■ WORK REQUIRED
Exact transcription of the following records is needed, with every picture dropped.

■ DATA PROVIDED
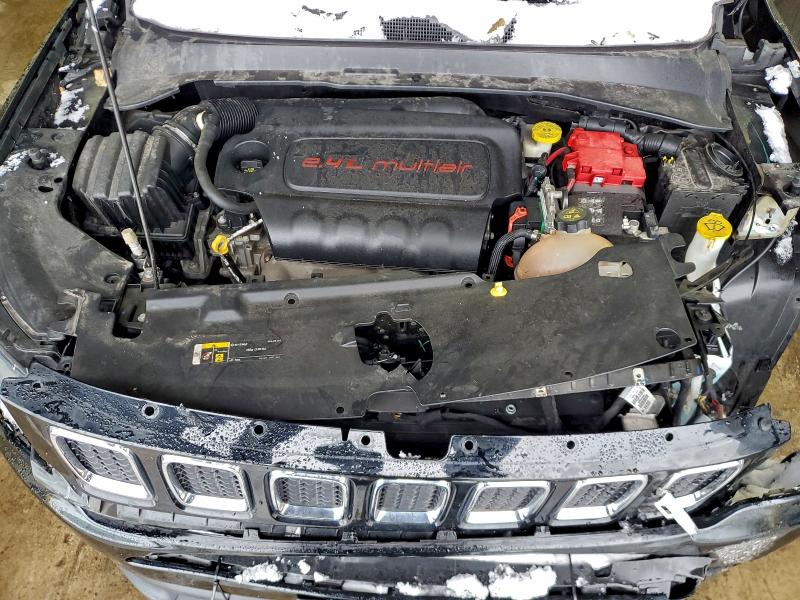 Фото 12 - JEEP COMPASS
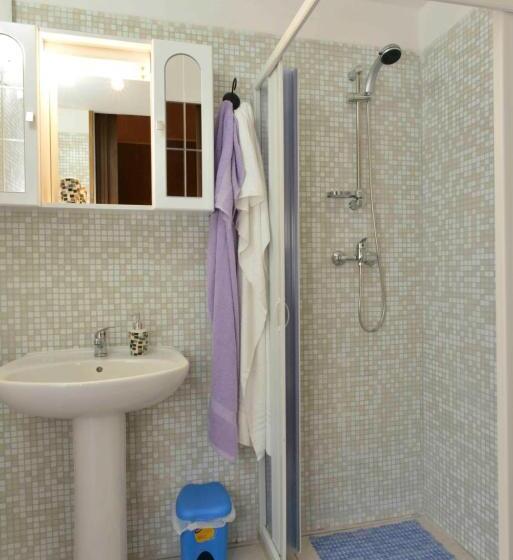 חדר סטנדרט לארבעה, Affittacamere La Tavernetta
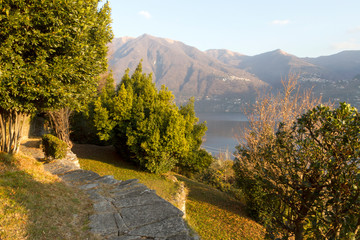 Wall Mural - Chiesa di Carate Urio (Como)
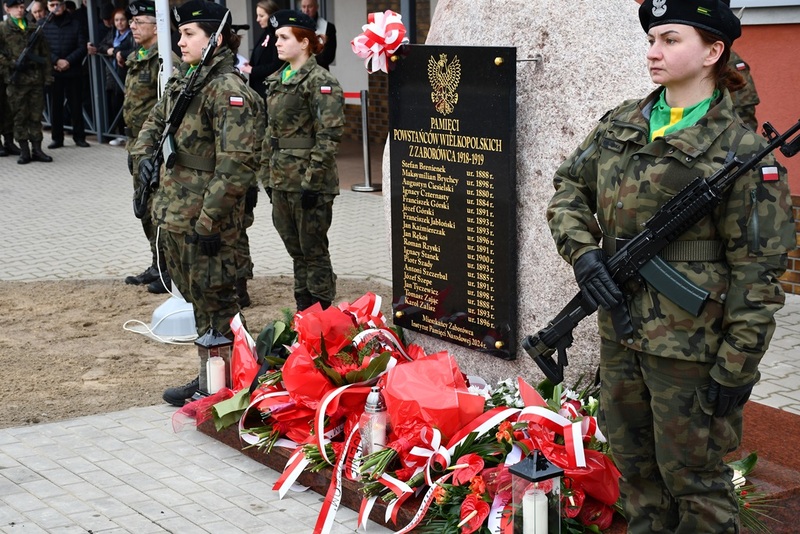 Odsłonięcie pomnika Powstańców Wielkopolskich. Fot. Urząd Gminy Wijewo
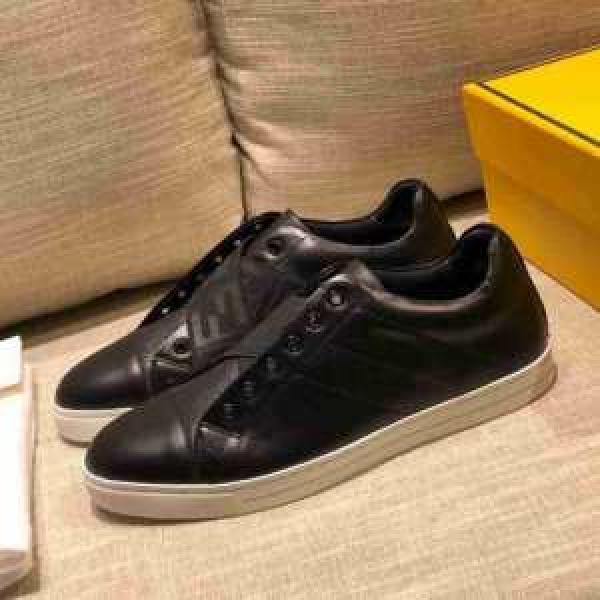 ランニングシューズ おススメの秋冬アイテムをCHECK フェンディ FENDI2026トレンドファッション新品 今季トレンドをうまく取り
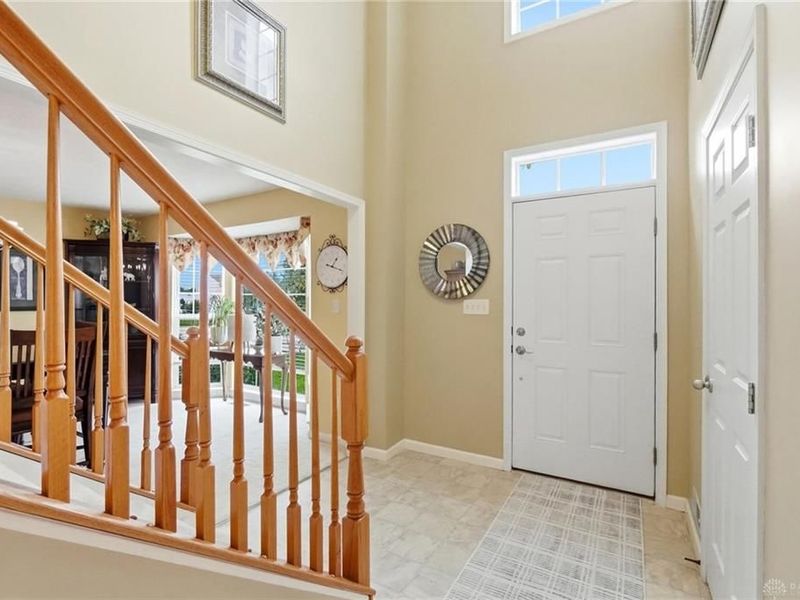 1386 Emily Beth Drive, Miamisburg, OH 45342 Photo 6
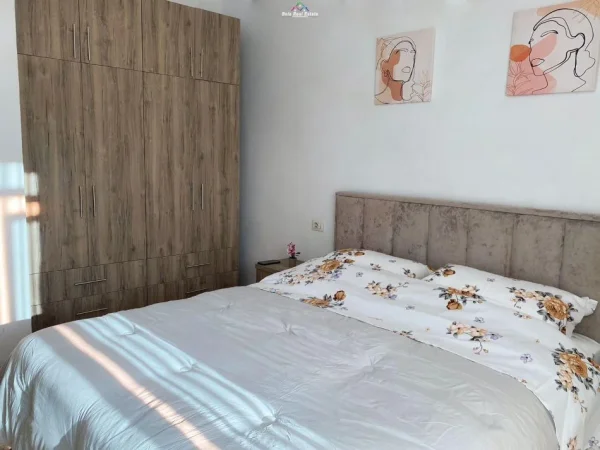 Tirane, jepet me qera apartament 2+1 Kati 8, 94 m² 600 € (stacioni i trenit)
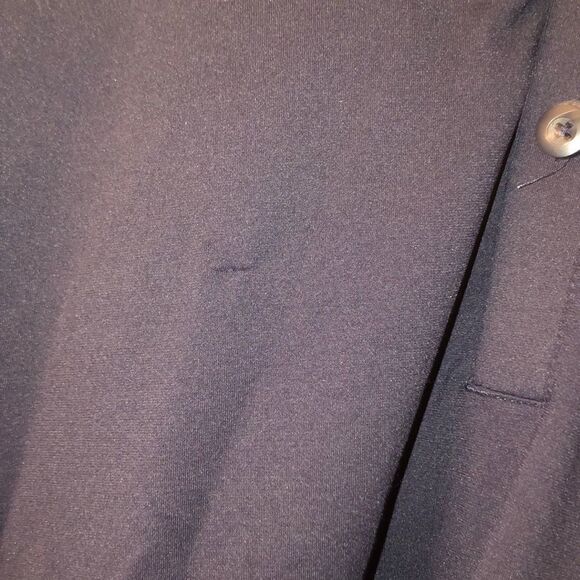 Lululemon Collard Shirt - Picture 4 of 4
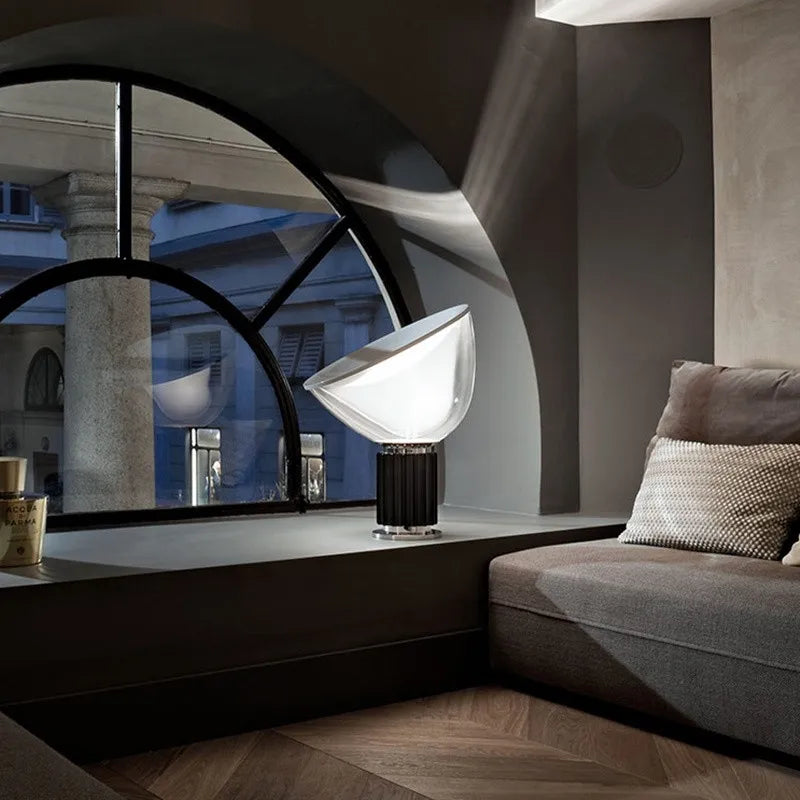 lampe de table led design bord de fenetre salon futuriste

■ SOLUTION FOR THIS TASK
 Фото 12 - JEEP COMPASS
 חדר סטנדרט לארבעה, Affittacamere La Tavernetta
 Wall Mural - Chiesa di Carate Urio (Como)
 Odsłonięcie pomnika Powstańców Wielkopolskich. Fot. Urząd Gminy Wijewo
 ランニングシューズ おススメの秋冬アイテムをCHECK フェンディ FENDI2026トレンドファッション新品 今季トレンドをうまく取り
 1386 Emily Beth Drive, Miamisburg, OH 45342 Photo 6
 Tirane, jepet me qera apartament 2+1 Kati 8, 94 m² 600 € (stacioni i trenit)
 Lululemon Collard Shirt - Picture 4 of 4
 lampe de table led design bord de fenetre salon futuriste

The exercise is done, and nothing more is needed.